Yeah, maybe I was a little hard on the movie. I love Darren McGavin. He had a weird career, it a two year span he works once with David Lean and Otto Preminger twice and then fills in for Dean Martin in Jerry Lewis' first solo picture and then goes straight to B pictures and television where he spends the rest of his career until his later character roles. It's also weird that for such a beloved television presence he never lucked into a hit show. If I had known he was in such 80s movies as Raw Deal, Dead Heat, Turk 182!. and From the Hip I would have seen them in theaters.A good, in-depth review, very well written...to my mind, an overly harsh take, but fair.
I happen to really like The Night Strangler myself, and rate it at just a notch below the original The Night Stalker. Sure, it follows many of the same beats, but IMO Matheson rings enough changes to the formula to keep things fresh. The comic moments work well (perhaps more so due to the skills of the actors rather than the script), the Seattle locale is interesting, there are lots of good character bits that are nicely fleshed out with the longer running time, and the finale - though the depiction of the Seattle Underground is laughably grandiose in comparison to the reality - is atmospheric and creepy. This has one of my all-time favorite Kolchak lines, something like: "It's NEWS, Vincenzo. NEWS! And this is a NEWSpaper!" McGavin's delivery is, as usual, flawless.

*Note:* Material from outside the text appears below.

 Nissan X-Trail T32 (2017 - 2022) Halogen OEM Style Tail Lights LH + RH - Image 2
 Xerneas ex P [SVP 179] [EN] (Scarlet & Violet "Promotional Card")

Both movies are top tier TV horror, as far as I'm concerned. The TV series is a hoot but here I'm forced to agree 100% with Timothy - the basic concept, confined mostly to one location, is flawed. A rotating, NBC Mystery Movie type of scenario would have been a perfect solution to that problem. Still a lot of fun, though, thanks mainly to McGavin. Can't wait to get a hold of this disc!

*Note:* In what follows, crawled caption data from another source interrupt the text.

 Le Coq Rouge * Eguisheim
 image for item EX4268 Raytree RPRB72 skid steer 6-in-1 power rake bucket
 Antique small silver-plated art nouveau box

In my head, I know and acknowledge all of the things you've said about the series, but I can't help it. I love it and never tire of watching it, even the poor episodes. McGavin always makes it fun. I would love to have it on Blu-ray though the added resolution would really reveal the thrown together nature of the series.I enjoy both The Night Stalker and The Night Strangler but the latter is definitely inferior to the first. I agree that the padding added to the theatrical version does the film no favors.

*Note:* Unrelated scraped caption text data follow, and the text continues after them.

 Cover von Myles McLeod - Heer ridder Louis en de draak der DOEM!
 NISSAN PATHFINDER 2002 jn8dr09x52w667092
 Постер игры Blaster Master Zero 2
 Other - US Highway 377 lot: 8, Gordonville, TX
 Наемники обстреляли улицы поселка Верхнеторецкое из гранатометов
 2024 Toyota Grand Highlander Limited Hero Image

I also think that Matheson was truly stuck with coming up with an adequate villain and someone that audiences could truly be frightened of. He had such a hard time for a proposed third TV movie (which became moot when ABC decided to make a series) that William F. Nolan was brought in to finish his work.
McGavin always struck me as a mercurial figure. His work in "A Christmas Story" remains a highlight as well as his earlier work both in film and TV.
The problems with "Kolchak: The Night Stalker" were many including conflicts between McGavin and Cy Chermak, the programming of the show (Friday nights at 9pm when most preteens and teens were hanging out with friends, going on dates, etc.), McGavin reportedly doing uncredited rewrites because some of the scripts were so bad, McGavin being cheated out of his ownership of the show and Executive Producer credit (which Universal agreed to but never put into writing).
There's a couple of good episodes in the series particularly the episode with a former victim of Janos from the first film, etc. but the cheap production values and single setting (agree with you on this) worked against the series.
Was the TV cut issued on the previous DVDs, or have we only ever had the theatrical version on home media?
I remember the pilot movie for Spider-Man also being padded for cinema release. In one of the books on my shelf, the producer was interviewed and he said they went back to the cutting room to re-insert every single unused scrap of film they could find. Since this longer version was the only one ever released on home media formats, I wonder if it would've been less of a bore in its original TV length.